> **Dataset section**:

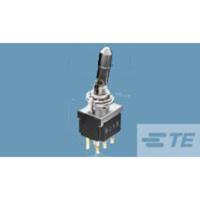 TE Connectivity 4-6437630-0 TE AMP Toggle Pushbutton and Rocker Switches 1 stuk(s) Carton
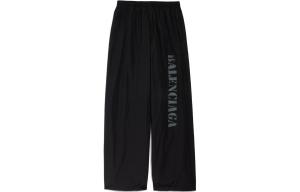 Повседневные брюки унисекс черные Balenciaga, черный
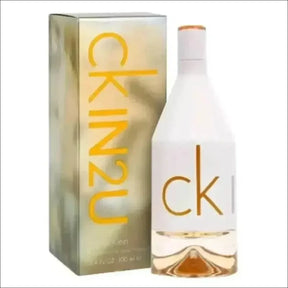 Calvin Klein CK IN2U Original EDT 100ml para feminino - Jm Grife - 100ml,in2u,issues,klein,original,para - Jm Grife - Calvin Klein CK IN2U Original EDT 100ml para feminino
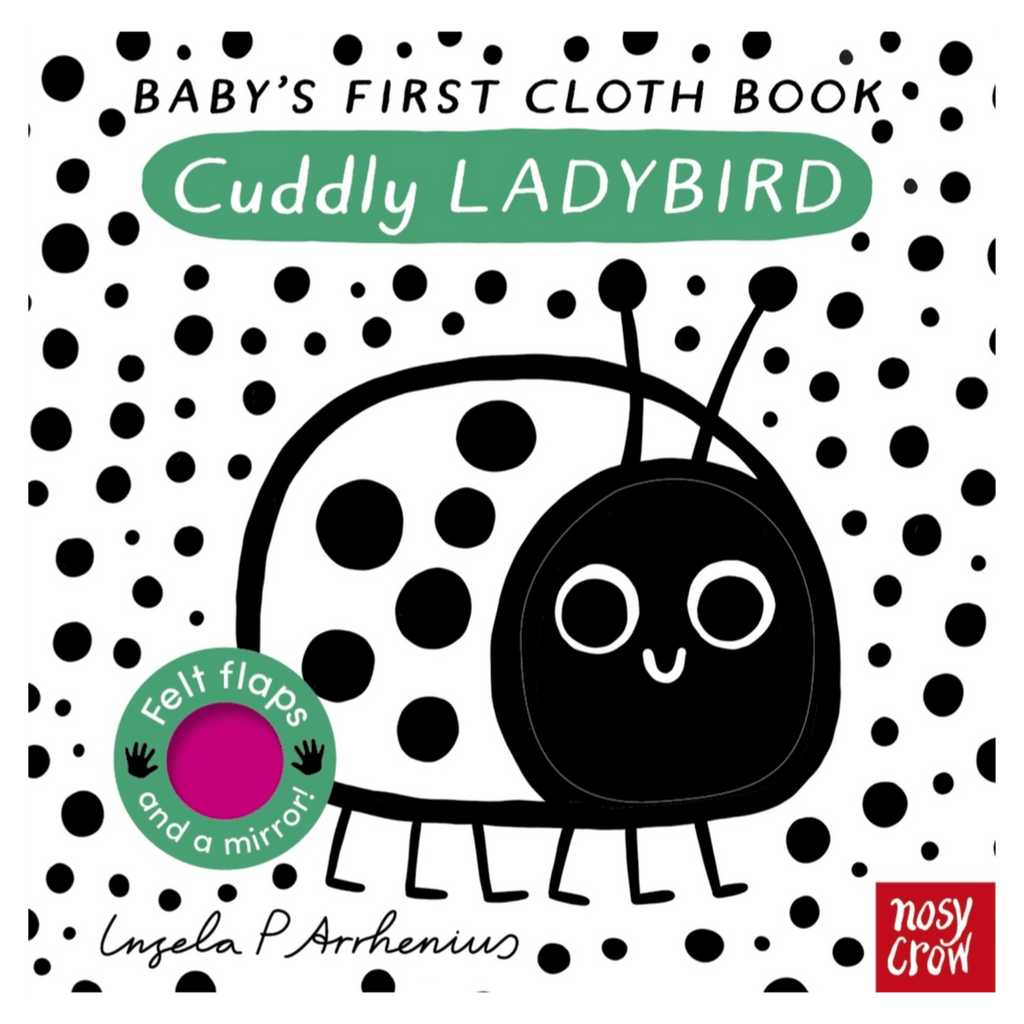 Nosy Crow Birth Plus Baby's First Cloth Book: Cuddly Ladybird - Ingela P Arrhenius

> **Goal of the exercise**: Produce an exact copy of the lines from the line with "Calvin Klein CK IN2U Original EDT 100ml para feminino - Jm" through the last line of the data above, both ends included. No pictures belong in it.

> **Completed task**:
 Calvin Klein CK IN2U Original EDT 100ml para feminino - Jm Grife - 100ml,in2u,issues,klein,original,para - Jm Grife - Calvin Klein CK IN2U Original EDT 100ml para feminino
 Nosy Crow Birth Plus Baby's First Cloth Book: Cuddly Ladybird - Ingela P Arrhenius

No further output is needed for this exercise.